═════ DATASET EXTRACT ═════

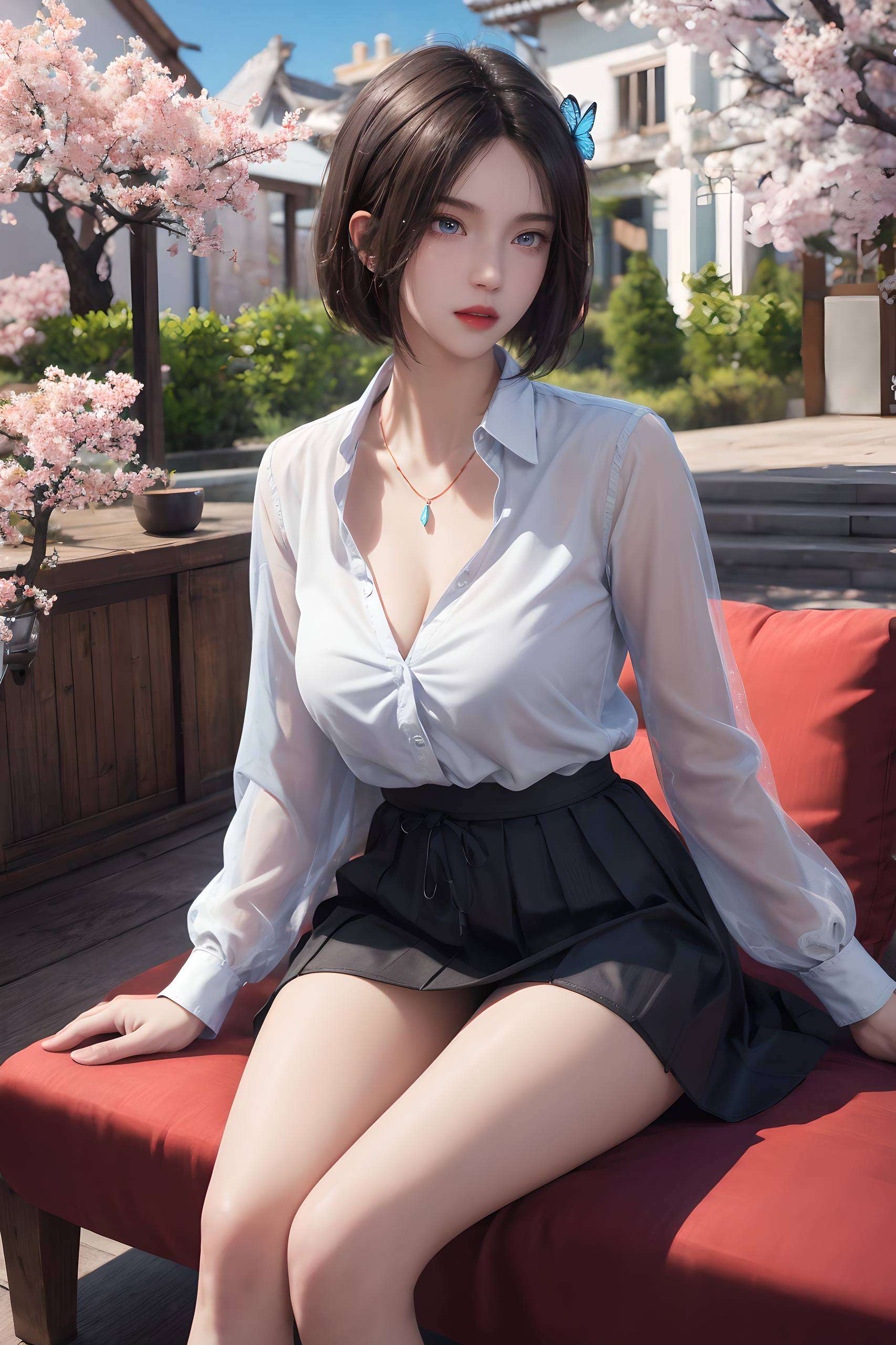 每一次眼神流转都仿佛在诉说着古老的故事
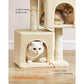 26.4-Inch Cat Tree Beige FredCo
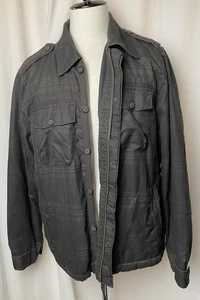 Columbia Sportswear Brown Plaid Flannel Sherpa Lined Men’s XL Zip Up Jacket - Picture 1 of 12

═════

## WHAT TO DO
Without including any picture, reproduce the material above word for word.

## EXERCISE RESPONSE
 每一次眼神流转都仿佛在诉说着古老的故事
 26.4-Inch Cat Tree Beige FredCo
 Columbia Sportswear Brown Plaid Flannel Sherpa Lined Men’s XL Zip Up Jacket - Picture 1 of 12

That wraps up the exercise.